Condense long articles, reports, or documents into concise summaries.

  • Model: facebook/bart-large-cnn The BART model fine-tuned on the CNN/DailyMail dataset, making it excellent for abstractive summarization.

Named Entity Recognition (NER)

Identify and extract entities like names, organizations, and locations from text.

  • Model: dslim/bert-base-NER A BERT model specifically fine-tuned to recognize common named entities with high accuracy.

Text-to-Command

Convert natural language instructions into structured commands or API calls.

  • Model: microsoft/DialoGPT-medium While often used for chat, its fine-tuning capabilities make it a good base for learning instruction-to-command tasks.

🖼️ Computer Vision Tools

Image Classification

Identify the main subject or scene within an image.

  • Model: google/vit-base-patch16-224 A Vision Transformer (ViT) model that achieves excellent accuracy on the ImageNet-1k benchmark.

Object Detection

Locate and identify multiple objects within an image using bounding boxes.

  • Model: hustvl/yolos-tiny A You Only Look Once (YOLO) transformer model that provides a great balance of speed and accuracy for real-time detection.

Image Generation

Generate novel images from a text description.

  • Model: runwayml/stable-diffusion-v1-5 A powerful latent diffusion model for creating high-quality, detailed images from any text prompt.

Image Captioning

Generate a descriptive English-language caption for a given image.

  • Model: Salesforce/blip-image-captioning-base The BLIP model provides high-quality, context-aware captions, ideal for accessibility and content description.

Image-to-Image Translation

Transform an input image based on a text prompt (e.g., style transfer, enhancement).

  • Model: timbrooks/instruct-pix2pix A model specifically fine-tuned for following instructions to edit images, like "make it a cartoon".

Image Segmentation

Identify and map specific objects or regions in an image at the pixel level.

  • Model: facebook/detr-resnet-50-panoptic A transformer-based model that performs both instance and panoptic segmentation in a single architecture.

🔊 Audio & Speech Tools

Text-to-Speech

Convert written text into natural-sounding spoken audio.

  • Model: espnet/kan-bayashi_ljspeech_vits A VITS-based model that produces highly natural and expressive speech in English.

Speech-to-Text

Transcribe spoken audio from various languages into written text.

  • Model: openai/whisper-base OpenAI's Whisper model offers robust, accurate transcription and translation across multiple languages.

Speech Enhancement

Remove background noise and improve the clarity of an audio recording.

  • Model: microsoft/speechbrain-mtl-mimic-voicebank A model trained specifically for speech enhancement and denoising tasks.

Music Generation

Generate short musical audio clips from text descriptions.

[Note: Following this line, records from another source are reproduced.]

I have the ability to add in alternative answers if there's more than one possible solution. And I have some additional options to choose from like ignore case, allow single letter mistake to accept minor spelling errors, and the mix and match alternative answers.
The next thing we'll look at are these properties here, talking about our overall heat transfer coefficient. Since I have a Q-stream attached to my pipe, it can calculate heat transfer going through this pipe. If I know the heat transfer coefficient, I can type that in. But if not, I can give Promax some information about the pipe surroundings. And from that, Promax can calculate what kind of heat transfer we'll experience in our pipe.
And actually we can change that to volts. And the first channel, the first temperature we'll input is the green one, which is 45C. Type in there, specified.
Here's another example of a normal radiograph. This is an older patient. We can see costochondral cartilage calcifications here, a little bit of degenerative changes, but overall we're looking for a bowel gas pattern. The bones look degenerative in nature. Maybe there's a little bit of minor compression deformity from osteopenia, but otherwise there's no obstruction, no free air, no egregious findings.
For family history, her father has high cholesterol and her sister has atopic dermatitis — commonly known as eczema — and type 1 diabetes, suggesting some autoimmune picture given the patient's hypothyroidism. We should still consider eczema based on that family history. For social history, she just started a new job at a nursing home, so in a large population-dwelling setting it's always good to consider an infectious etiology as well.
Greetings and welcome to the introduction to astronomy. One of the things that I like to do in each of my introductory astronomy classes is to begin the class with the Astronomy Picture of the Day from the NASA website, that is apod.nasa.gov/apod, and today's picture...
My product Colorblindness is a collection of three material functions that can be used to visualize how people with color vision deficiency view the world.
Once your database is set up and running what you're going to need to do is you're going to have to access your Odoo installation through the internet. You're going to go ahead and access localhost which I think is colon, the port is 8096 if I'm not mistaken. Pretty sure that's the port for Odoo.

  • Model: facebook/musicgen-small A simple and controllable model for generating high-quality music from text prompts.

🔗 Multi-Modal Tools

Visual Question Answering

Answer natural language questions about the contents of an image.

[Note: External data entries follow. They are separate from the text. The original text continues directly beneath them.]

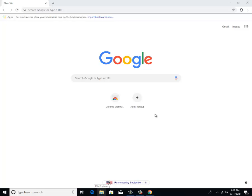It'll ask if you want to sign into your Google account. If you want to do that, by all means do it. If you don't have a Google account, you can create one and then sign in so you can save all your bookmarks and things like that.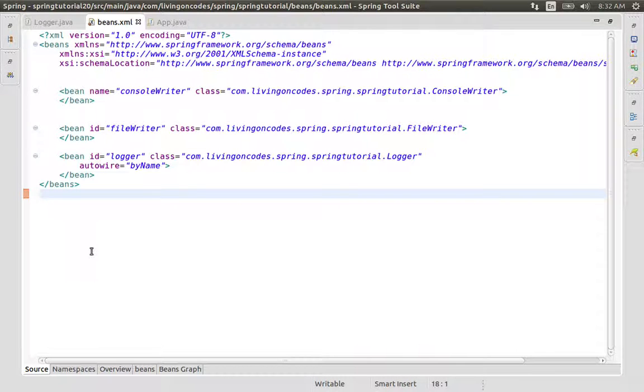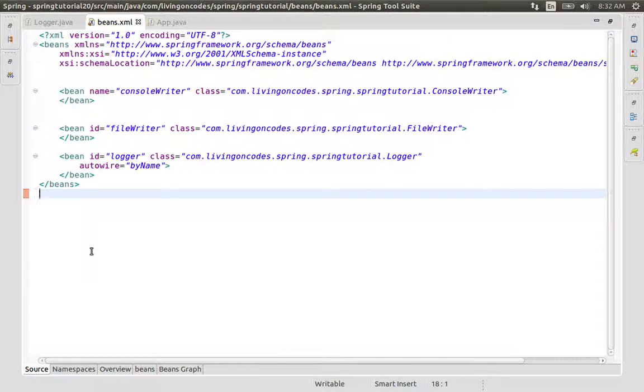Next time, we have Autowiring by constructors and annotation-based wiring. Happy coding till next time!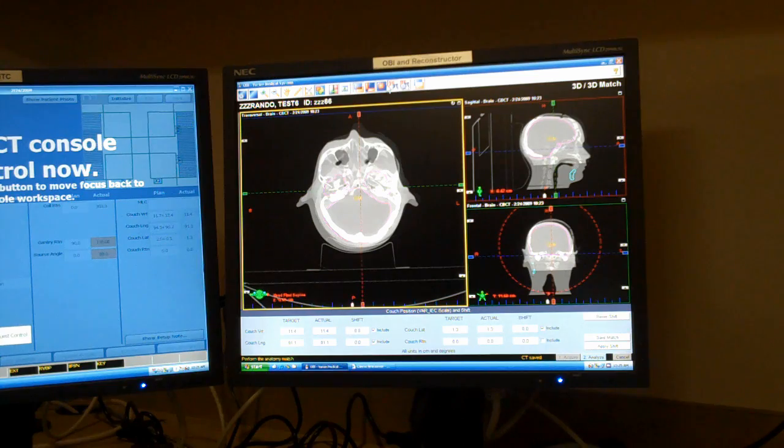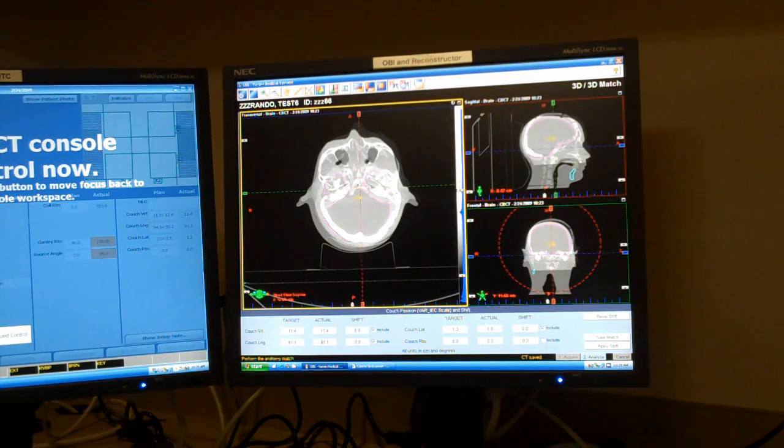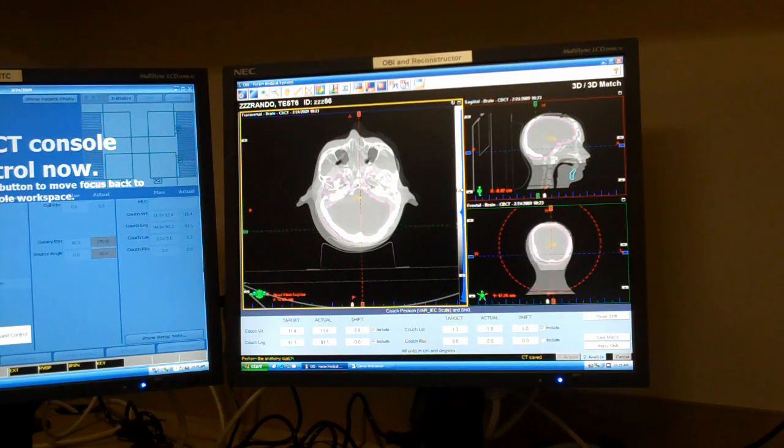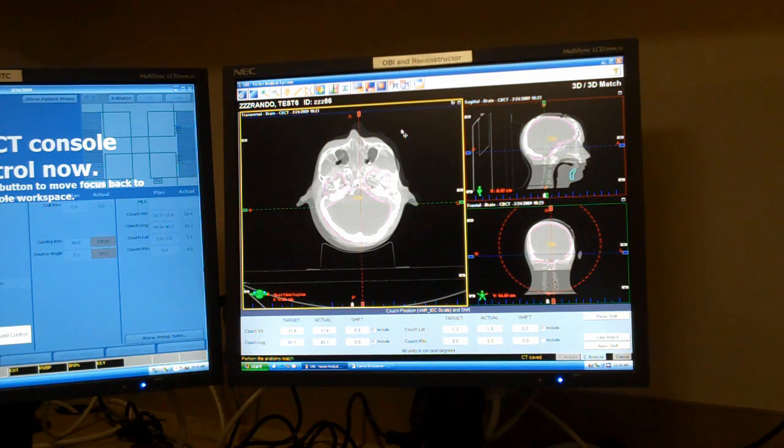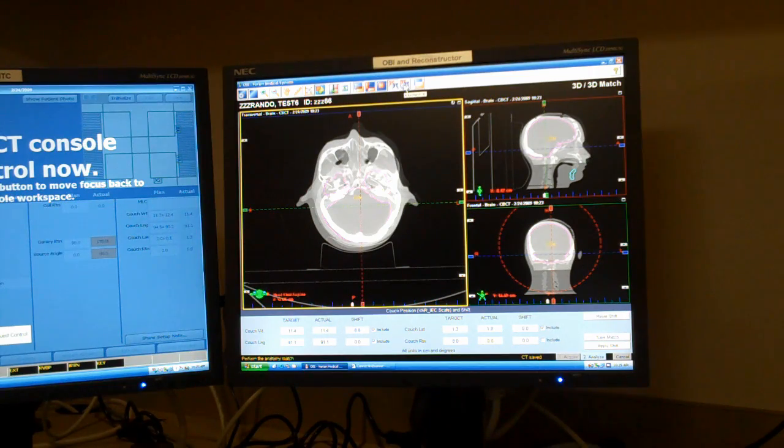So this is the window that pops up immediately. We can change the slice we're on and all three views. Obviously, you can change views very easily.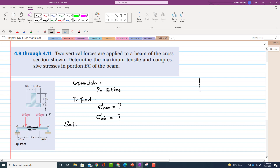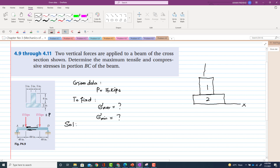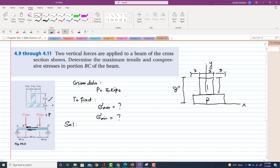We have the inverted T shape. This is portion 1 (upper) and portion 2 (lower). Taking the x-axis horizontally and the y-axis vertically, we have two rectangles. The dimensions are: the upper flange width is 3 inches on each side (total 9 inches wide), height 2 inches. The web is 3 inches wide, 6 inches tall. Total height is 8 inches.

  • Model: dandelin/vilt-b32-finetuned-vqa A vision-and-language transformer (ViLT) model designed for answering questions about images.

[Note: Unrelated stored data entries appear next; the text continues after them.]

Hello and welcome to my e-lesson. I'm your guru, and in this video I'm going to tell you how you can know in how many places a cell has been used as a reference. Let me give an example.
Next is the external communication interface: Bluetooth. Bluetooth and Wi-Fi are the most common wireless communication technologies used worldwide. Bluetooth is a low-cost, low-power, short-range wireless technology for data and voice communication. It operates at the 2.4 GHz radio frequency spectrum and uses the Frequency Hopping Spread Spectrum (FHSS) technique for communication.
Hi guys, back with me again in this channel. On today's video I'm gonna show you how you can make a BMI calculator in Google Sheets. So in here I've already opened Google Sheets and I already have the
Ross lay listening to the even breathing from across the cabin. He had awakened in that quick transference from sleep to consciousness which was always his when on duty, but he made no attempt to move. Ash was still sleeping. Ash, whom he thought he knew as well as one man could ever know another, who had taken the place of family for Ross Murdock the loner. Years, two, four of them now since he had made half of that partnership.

Document Question Answering

Answer questions based on the content of a document (e.g., scanned PDFs, images with text).

  • Model: impira/layoutlm-document-qa A model that understands the layout of documents (text + spatial information) to answer questions accurately.

Embeddings Generator

Create numerical vector representations (embeddings) of text, images, or audio for analysis and search.

  • Model: sentence-transformers/all-MiniLM-L6-v2 A versatile model that maps sentences and paragraphs to a dense vector space, perfect for semantic search and clustering.

Quick Start

Installation

  1. Clone the repository:
git clone https://github.com/alinrajpoot/genr-kit.git
cd genr-kit
  1. Install dependencies:
pip install -r requirements.txt
  1. Run the server:
python main.py

The API will be available at http://localhost:9000

Usage

Once the server is running, visit http://localhost:9000 in browser.

Requirements

  • Python 3.8+
  • Gradio
  • Hugging Face Transformers
  • PyTorch
  • Pillow (PIL)

License

Open source - feel free to contribute and improve!